How can I implement a very simple asynchronous DRAM controller?

Question

I'd like to know how to build a bare bones asynchronous DRAM controller. I have some 30-pin 1MB SIMM 70ns DRAM (1Mx9 with parity) modules that I'd like to use in a homebrew retro computer project. Unfortunately there's no datasheet for them so I've been going from the Siemens HYM 91000S-70 and "Understanding DRAM Operation" by IBM.

The basic interface that I'd like to end up with is

/CS: in, chip select
R/W: in, read/not write
RDY: out, HIGH when data is ready
D: in/out, 8-bit data bus
A: in, 20-bit address bus

Refresh seems pretty straight-forward with several ways to get it right. I should be able to do distributed (interleaved) RAS-only refreshing (ROR) during CPU clock LOW (where no memory access is done in this particular chip) using any old counter for the row address tracking. I believe all rows need to be refreshed at least every 64ms according to JEDEC (512 per 8ms according to the Seimens datasheetm i.e. standard refresh of cycle/15.6us), so this should work fine and if I get stuck, I'll just post another question. I'm more interested in getting read and write simple, correct and determining what I should expect as far as speed.

I'll first quickly describe how I think it works and the potential solutions I've come up with so far.

Basically, you split a 20-bit address in half, using one half for the column and the other for the row. You strobe the row address, then the column address, if /W is HIGH when /CAS goes LOW then it's a read, otherwise it's a write. If it's a write, the data needs to already be on the data bus by that point. After a period of time, if it's a read then the data is available or if it's a write, the data is sure to have been written. Then /RAS and /CAS need to be brought HIGH again in the counter-intuitively named "precharge" period. This completes the cycle.

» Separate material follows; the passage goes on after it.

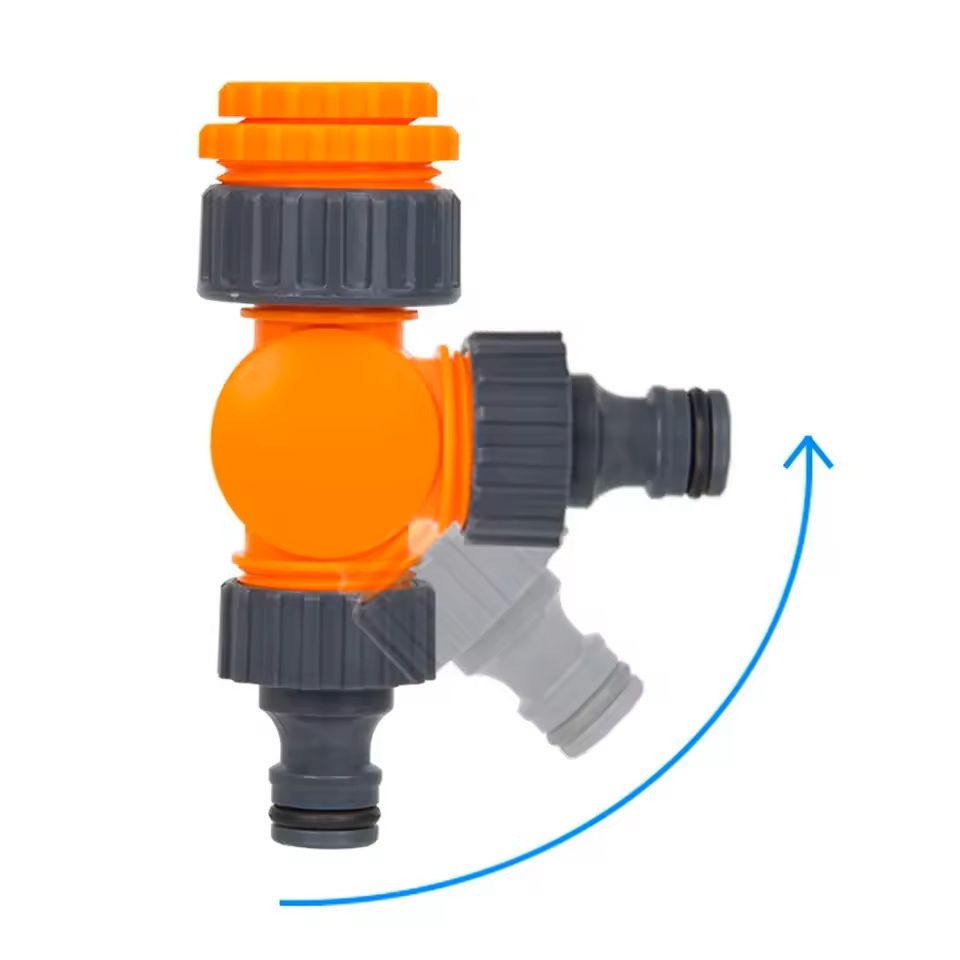 Plastic 1/2-Inch Faucet to Garden Hose Quick-Connect Adapter Watering & Irrigation Connector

So, basically it's a transition through several states with non-uniform specific delays between each transition. I've listed it out as a "table" indexed by the duration of each phase of the transaction in order:

t(ASR) = 0ns
- /RAS: H
- /CAS: H
- A0-9: RA
- /W: H
t(RAH) = 10ns
- /RAS: L
- /CAS: H
- A0-9: RA
- /W: H
t(ASC) = 0ns
- /RAS: L
- /CAS: H
- A0-9: CA
- /W: H
t(CAH) = 15ns
- /RAS: L
- /CAS: L
- A0-9: CA
- /W: H
t(CAC) - t(CAH) = ?
- /RAS: L
- /CAS: L
- A0-9: X
- /W: H (data available)
t(RP) = 40ns
- /RAS: H
- /CAS: L
- A0-9: X
- /W: X
t(CP) = 10ns
- /RAS: H
- /CAS: H
- A0-9: X
- /W: X

The times I'm referring to are in the following diagram.

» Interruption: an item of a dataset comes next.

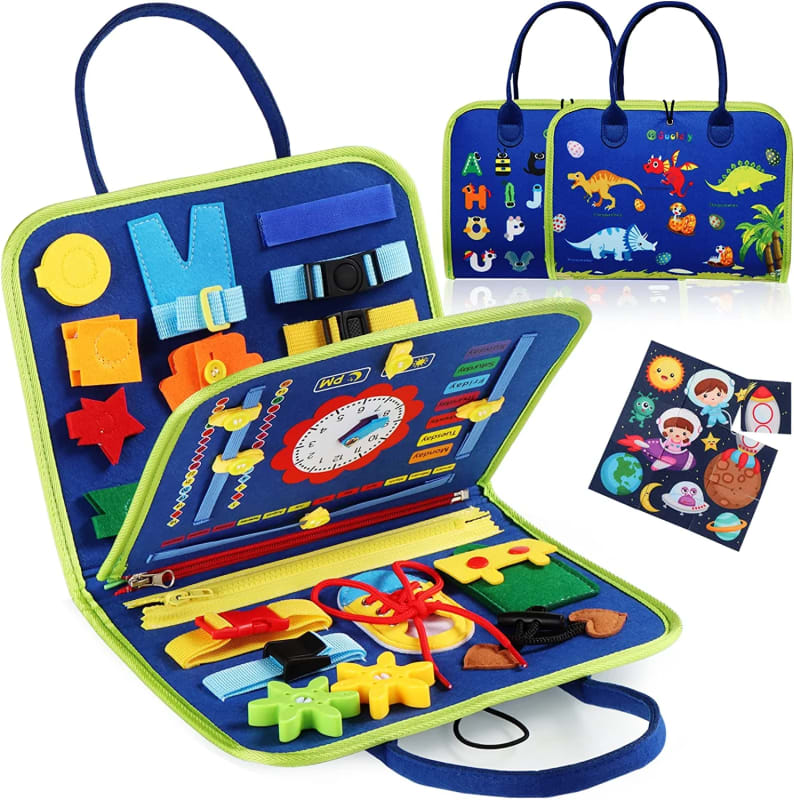 Educational Activity Developing Sensory Board for Fine Basic Dress Motor Skills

(CA = column address, RA = row address, X = don't care)

Even if it's not exactly that, it's something like that and I think the same kind of solution will work. So I've come up with a couple of ideas so far but I think only the last has potential and I'm looking for better ideas. I'm ignoring refreshing, Fast Page and Parity Checking/Generating here.

The simplest solution is just to use a counter and a ROM where the counter output is the ROM address input and each byte has the appropriate state output for the time period that the address corresponds to. This won't work because ROMs are slow. Even a pre-loaded SRAM seems like it would be far too slow to be worth it.

The second idea was to use a GAL16V8 or something but I don't think I understand them well enough, programmers are very expensive and the programming software is closed source & Windows-only as far as I know.

My last idea is the only one I think might actually work. The 74ACT logic family has low propagation delays and accepts high clock frequencies. I'm thinking read and write could be done with some CD74ACT164E shift register and SN74ACT573N.

Basically, each unique state gets its own latch statically programmed using 5V and GND rails. Each shift register output goes to one latch's /OE pin. If I understand the data sheets right, the delay between each state could only be 1/SCLK but that's much better than a PROM or 74HC solution.

So, is the last approach likely to work? Is there a faster, smaller or generally better way to do this? I think I saw that the IBM PC/XT used 7400 chips for something related to DRAM but I only saw top-board photos, so I'm not sure how that worked.

p.s. I'd like this to be doable in DIP and not "cheat" using an FPGA or modern uC.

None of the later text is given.